Ma cosa si intende per “icona”? Qualcuno potrebbe rispondere che un’icona è la rappresentazione, ad esempio, della Vergine. In tal caso la risposta non sarebbe scorretta, ma sicuramente parziale; inoltre, il termine “rappresentazione” non è il più appropriato per definire l’icona. Nella storia dell’arte sono innumerevoli le rappresentazioni della Vergine, eppure non tutte solo “iconiche”, soltanto dinnanzi ad alcune ci inginocchiamo e preghiamo. Icona è quell’immagine della Vergine che dispone in me un certo atteggiamento religioso, tale che addirittura mi inginocchio per pregarla.
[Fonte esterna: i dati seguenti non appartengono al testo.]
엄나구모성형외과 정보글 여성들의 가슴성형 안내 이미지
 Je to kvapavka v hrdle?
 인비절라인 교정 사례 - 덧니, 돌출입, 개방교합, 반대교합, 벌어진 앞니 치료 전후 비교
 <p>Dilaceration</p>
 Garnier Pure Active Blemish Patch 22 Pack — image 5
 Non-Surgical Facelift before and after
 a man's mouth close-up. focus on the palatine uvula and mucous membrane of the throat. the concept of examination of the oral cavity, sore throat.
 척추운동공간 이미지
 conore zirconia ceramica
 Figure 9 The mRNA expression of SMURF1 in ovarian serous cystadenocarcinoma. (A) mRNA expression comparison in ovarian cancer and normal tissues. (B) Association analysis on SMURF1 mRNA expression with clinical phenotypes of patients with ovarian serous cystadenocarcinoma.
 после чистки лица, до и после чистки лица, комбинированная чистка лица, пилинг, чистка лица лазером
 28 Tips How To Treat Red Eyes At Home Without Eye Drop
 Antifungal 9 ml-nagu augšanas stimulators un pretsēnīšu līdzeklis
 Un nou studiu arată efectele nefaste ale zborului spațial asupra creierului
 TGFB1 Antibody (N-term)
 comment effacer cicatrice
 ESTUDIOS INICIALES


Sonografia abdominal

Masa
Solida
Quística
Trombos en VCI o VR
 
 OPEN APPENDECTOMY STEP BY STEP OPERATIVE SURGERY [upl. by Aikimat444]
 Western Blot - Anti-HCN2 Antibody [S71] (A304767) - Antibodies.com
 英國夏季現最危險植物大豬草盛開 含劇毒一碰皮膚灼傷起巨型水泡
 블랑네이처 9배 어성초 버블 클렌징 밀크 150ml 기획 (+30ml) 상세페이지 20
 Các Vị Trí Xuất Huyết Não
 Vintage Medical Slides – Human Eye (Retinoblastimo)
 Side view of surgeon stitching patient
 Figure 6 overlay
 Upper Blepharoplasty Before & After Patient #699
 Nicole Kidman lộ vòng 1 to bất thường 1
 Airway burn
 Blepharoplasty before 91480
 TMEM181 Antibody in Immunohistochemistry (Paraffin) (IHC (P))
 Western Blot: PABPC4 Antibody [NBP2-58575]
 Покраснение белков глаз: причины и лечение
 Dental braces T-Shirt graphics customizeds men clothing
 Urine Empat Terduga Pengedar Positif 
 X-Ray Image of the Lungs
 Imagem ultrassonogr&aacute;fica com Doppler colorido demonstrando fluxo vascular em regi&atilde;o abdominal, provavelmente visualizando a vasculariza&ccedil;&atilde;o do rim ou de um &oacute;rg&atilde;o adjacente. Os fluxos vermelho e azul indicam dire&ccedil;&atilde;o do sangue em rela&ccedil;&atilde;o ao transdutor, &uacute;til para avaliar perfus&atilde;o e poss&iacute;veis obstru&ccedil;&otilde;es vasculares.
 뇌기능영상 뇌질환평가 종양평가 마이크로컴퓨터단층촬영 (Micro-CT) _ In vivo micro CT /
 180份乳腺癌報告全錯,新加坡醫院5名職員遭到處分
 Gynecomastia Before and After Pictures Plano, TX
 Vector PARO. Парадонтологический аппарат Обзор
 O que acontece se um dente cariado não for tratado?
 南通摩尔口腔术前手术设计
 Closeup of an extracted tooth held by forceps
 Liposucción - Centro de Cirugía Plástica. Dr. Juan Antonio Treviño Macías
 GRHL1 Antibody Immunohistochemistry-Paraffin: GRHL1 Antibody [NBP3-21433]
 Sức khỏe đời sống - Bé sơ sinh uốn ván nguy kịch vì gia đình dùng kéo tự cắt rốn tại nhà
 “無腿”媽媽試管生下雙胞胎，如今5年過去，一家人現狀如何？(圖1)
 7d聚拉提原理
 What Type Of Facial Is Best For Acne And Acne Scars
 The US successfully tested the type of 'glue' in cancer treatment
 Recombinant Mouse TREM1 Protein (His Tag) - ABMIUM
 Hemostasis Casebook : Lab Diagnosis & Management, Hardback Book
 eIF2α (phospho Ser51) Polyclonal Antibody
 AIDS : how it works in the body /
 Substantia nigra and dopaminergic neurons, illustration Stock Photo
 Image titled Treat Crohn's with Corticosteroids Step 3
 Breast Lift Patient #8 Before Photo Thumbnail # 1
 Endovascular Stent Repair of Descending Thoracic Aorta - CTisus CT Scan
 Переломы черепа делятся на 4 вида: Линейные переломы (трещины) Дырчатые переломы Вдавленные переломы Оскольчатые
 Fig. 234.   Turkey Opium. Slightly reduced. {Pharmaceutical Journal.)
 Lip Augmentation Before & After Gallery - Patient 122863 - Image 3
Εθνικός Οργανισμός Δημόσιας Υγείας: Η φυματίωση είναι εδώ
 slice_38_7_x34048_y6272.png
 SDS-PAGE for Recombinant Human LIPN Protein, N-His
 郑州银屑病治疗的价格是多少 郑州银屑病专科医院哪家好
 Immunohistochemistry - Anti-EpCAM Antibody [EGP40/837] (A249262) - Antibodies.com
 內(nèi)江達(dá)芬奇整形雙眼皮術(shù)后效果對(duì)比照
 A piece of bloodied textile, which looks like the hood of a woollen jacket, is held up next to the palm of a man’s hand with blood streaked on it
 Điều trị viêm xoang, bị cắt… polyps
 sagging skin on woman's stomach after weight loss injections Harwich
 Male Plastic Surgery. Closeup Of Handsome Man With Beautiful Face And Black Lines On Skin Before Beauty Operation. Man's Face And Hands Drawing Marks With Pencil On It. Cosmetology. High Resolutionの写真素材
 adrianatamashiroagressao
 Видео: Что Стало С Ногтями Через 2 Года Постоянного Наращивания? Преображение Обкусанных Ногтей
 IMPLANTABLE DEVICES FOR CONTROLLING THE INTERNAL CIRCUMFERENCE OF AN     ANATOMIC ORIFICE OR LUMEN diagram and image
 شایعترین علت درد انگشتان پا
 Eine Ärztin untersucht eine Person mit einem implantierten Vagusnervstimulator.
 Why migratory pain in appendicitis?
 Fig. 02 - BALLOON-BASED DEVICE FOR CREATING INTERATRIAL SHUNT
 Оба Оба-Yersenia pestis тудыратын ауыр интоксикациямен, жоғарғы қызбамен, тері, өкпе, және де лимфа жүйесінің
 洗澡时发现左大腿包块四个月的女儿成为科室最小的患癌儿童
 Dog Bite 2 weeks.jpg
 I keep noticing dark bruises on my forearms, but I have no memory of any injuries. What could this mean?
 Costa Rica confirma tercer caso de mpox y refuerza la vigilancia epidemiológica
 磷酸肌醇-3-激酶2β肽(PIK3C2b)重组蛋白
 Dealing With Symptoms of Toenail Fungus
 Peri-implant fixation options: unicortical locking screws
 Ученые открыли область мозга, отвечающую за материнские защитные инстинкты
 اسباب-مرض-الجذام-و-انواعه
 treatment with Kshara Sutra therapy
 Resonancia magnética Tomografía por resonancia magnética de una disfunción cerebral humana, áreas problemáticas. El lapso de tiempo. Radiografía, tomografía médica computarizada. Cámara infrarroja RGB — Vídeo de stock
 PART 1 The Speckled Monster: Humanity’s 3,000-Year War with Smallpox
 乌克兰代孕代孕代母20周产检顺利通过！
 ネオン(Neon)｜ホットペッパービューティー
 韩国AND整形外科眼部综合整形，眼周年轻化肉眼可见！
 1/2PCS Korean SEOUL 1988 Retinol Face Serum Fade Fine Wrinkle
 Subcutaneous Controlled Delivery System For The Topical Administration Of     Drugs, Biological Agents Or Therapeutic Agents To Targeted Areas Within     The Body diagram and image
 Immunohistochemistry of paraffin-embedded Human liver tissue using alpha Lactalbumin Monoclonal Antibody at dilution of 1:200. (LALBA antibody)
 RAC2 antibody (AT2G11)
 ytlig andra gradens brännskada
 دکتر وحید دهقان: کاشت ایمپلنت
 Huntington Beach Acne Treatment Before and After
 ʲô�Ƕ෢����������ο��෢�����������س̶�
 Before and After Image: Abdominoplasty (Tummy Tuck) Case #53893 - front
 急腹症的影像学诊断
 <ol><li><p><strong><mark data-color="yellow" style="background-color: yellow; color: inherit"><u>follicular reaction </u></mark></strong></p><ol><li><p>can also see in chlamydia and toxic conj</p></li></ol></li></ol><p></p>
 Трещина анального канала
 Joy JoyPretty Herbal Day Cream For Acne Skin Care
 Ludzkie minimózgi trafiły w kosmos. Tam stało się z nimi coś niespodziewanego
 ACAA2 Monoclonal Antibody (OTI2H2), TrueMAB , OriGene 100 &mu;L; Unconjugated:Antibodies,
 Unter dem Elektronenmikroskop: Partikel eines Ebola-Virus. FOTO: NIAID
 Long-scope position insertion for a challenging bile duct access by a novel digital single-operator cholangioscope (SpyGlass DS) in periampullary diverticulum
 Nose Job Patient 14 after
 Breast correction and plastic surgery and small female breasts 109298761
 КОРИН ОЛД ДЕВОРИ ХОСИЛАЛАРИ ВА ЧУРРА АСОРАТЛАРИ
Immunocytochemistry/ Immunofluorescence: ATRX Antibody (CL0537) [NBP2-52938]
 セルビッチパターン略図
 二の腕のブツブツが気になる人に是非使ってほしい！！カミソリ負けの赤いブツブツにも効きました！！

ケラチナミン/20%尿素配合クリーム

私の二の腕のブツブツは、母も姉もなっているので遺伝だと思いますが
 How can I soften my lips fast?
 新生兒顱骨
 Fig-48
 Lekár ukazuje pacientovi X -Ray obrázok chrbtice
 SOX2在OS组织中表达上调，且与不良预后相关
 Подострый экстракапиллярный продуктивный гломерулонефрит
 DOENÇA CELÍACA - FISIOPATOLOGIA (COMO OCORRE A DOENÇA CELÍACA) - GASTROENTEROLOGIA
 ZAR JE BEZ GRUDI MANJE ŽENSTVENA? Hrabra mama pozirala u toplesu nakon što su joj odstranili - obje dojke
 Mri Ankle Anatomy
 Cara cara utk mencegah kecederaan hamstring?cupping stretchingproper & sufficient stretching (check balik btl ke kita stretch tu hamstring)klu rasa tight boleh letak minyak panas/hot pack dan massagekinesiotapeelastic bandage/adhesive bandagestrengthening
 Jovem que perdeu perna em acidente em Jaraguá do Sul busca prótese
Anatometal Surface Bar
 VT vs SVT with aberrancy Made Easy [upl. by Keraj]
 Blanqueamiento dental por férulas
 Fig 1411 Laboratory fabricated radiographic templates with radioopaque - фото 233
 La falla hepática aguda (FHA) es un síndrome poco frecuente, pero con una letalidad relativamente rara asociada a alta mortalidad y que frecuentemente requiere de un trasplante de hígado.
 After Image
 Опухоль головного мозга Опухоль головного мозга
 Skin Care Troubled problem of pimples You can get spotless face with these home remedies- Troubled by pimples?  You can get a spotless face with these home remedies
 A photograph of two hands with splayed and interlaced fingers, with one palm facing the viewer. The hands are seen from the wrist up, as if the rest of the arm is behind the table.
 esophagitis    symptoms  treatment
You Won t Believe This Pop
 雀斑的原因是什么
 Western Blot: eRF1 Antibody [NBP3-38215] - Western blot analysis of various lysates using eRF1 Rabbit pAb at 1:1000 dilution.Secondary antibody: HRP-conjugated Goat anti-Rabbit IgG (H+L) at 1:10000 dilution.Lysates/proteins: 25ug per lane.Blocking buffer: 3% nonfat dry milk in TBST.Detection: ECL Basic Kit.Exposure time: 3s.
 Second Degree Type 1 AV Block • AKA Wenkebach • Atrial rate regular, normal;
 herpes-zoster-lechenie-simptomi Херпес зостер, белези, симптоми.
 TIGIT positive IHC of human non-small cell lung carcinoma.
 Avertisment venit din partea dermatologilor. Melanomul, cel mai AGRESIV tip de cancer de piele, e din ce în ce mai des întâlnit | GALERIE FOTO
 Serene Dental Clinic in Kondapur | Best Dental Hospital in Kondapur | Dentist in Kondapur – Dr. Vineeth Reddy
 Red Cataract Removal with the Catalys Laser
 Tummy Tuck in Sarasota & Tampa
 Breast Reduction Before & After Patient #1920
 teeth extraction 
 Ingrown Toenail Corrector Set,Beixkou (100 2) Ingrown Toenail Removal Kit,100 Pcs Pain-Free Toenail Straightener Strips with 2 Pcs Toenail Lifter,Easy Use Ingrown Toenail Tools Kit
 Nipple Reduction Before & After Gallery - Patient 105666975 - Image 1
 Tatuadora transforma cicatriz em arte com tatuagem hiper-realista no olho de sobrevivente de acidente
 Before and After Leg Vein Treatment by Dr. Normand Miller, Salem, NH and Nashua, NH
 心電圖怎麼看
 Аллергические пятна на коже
Non si tratta più di una semplice rappresentazione, ma di una sostituzione vera e propria della Vergine. Quell’immagine diviene presenza: mi inginocchio e prego quell’immagine come se fosse realmente la Vergine. L’icona è epifania del trascendente.
Il Quadrangolo nero su fondo bianco è quindi manifestazione epifanica del Nulla. Non dobbiamo però immaginare che l’opera di Malevic evochi nichilisticamente il Nulla. Nel Nulla vi è soprattutto l’infinita possibilità. Il Nulla è il principio dal quale può nascere potenzialmente ogni cosa, ed è dal ripristino della “condizione zero” dell’arte che può scaturire il Tutto. Nulla e Tutto sono due elementi antitetici perfettamente compenetrati. Il Tutto è il Nulla e il Nulla è Tutto. Essi sono alfa e omega, principio e conclusione dell’arte.